Removes the ChannelOrDetectorIdLike helpers (_get_channelid,
_get_detectorid, _is_valid_id_or_tier) and the LDMUtils channel
conversion imports. All read_ldata methods now take DetectorIdLike
directly; the partition-method's channel-consistency check was made
obsolete by this and is removed. The jlevt+det post-filter switches
from trig_e_ch to trig_e_det.
Introduces _evt_tiers and _perdet_tiers as the central dispatch
constants and rewrites _lh5_data_open to use them (per-det tiers
require a det, evt tiers don't). The shared PropSel/filterby/identity
logic is extracted into _apply_read, and per-det reads now go through
_resolve_perdet_path to support both the current 'tier/<det>' and the
legacy '<det>/tier' layout. Adds a 'subgroup' kwarg for descents like
jlhit/<det>/dataQC and an ignore_missing warning for missing detectors.

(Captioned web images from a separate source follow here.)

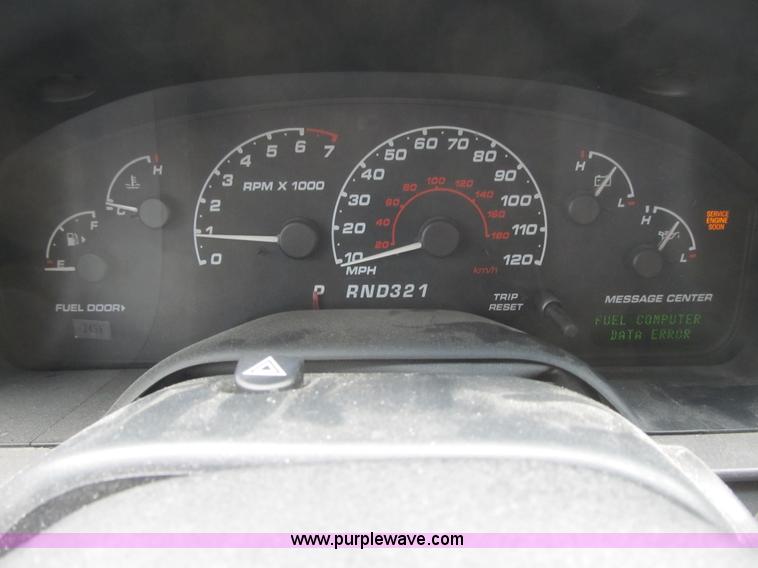 image for item F8807 2002 Ford Explorer XLT SUV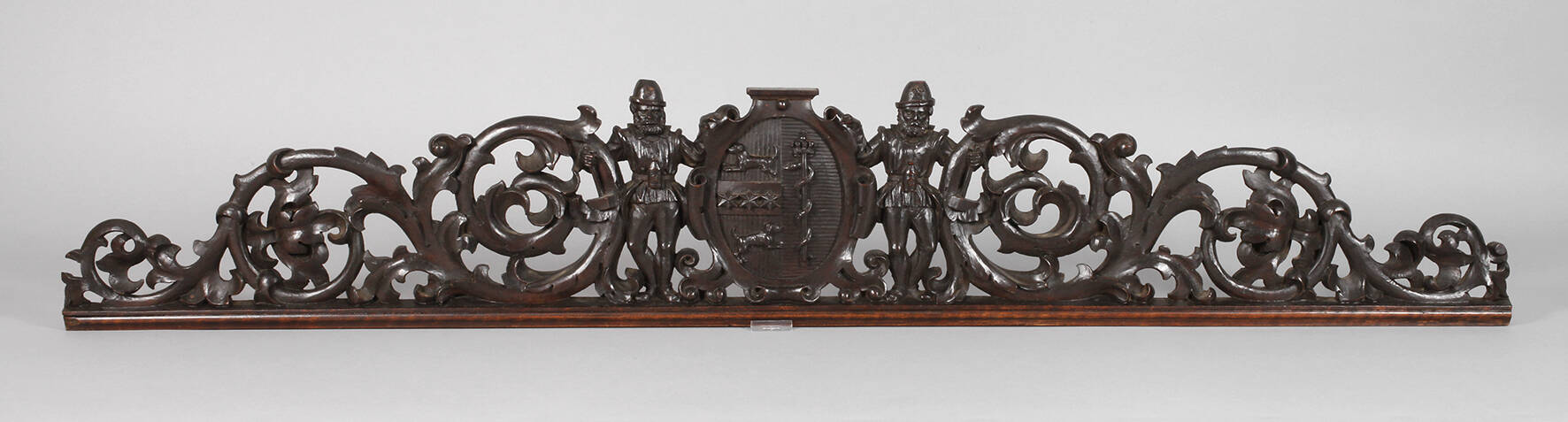 Geschnitzte Supraporte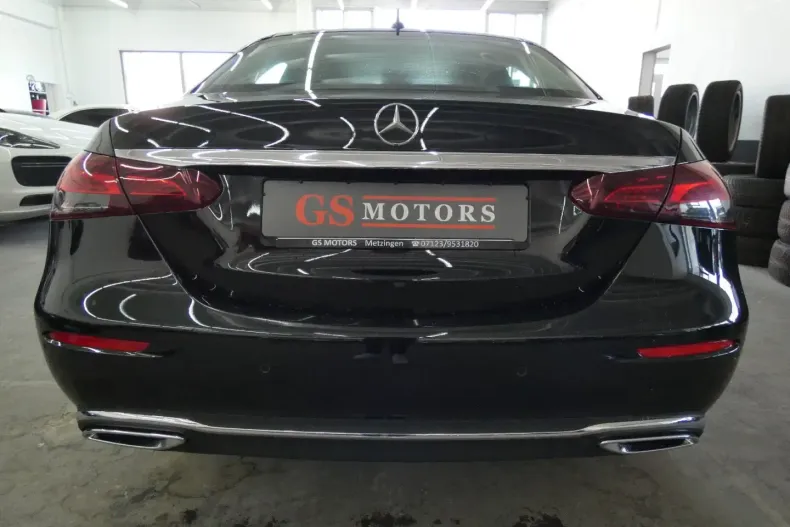 Mercedes-Benz E 220 din 2022 cu 38.500 km - oferta MER150093 - foto 4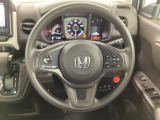ハンドルにHondaセンシング系のクルーズコントロールやレーンキープアシストなどのスイッチと、オーディオの操作スイッチが装備されています。ハンドルから手を離さず安全に操作できます。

Detector discovery in read_ldata((tier, fk)) now lists 'tier/<det>'
primarily and falls back to top-level keys; evt tiers route to the
no-det read directly. _convert_rsel2dsel disambiguates DataTier the
same way it already did for DataCategory.

The jlevt+det post-filter still uses the old shape (trig_e_det); the
proper per-detector evt-tier reads come in the next commit.
read_ldata((:jlevt, fk, det)) now returns a flat-prefixed table with
the events restricted to those where the detector is present. Per-det
columns (e_cusp_ctc_cal, …) are unwrapped at the detector's per-event
slot in the 'detector' VoV, per-trigger columns (trig_e_cusp_ctc_cal,
…) at its slot in 'trig_e_det'. The two index schemes are distinguished
per column via the materialized inner-length signature (_index_col), so
the reader picks the right indexing automatically and works for both
GED-like (mixed) and SPM/PMT-like (single-scheme) systems.

The flat-prefix name-map is built dynamically by walking the HDF5 group
(_build_evt_namemap / _walk_evt_h5!), so new sub-groups added on the
file side need no change here. PropSel + filterby reads only the
columns they actually reference; the eager fallback materializes the
whole table and then applies f/filterby/n_evts via _apply_read.

jlpmt is added to _evt_tiers, with its own (tier=jlpmt, sys=pmts) entry
in _evt_persubdet_path so that the table itself is the per-pmt root.

The no-det evt-tier read still returns the native nested LH5 structure
(e.g. evt.aux.pulser.aux_trig); only the with-det path produces the
flat-prefixed table.
A new filtertier kwarg lets a per-det raw/jldsp read use an event-tier
filter: read filtertier with the given filterby for the same detector
to obtain a Vector of per-det row indices (geds_dataidx / spms_dataidx
/ dataidx, depending on system), then load the target tier and slice.
The dataidx columns are 1-based for both raw and jldsp, so they index
directly without an offset.

Default filtertier=nothing keeps the existing behavior. The kwarg is
ignored when filtertier == tier; cross-tier requires a DetectorId and
an event tier as filtertier (geds, spms, pmts have known index columns).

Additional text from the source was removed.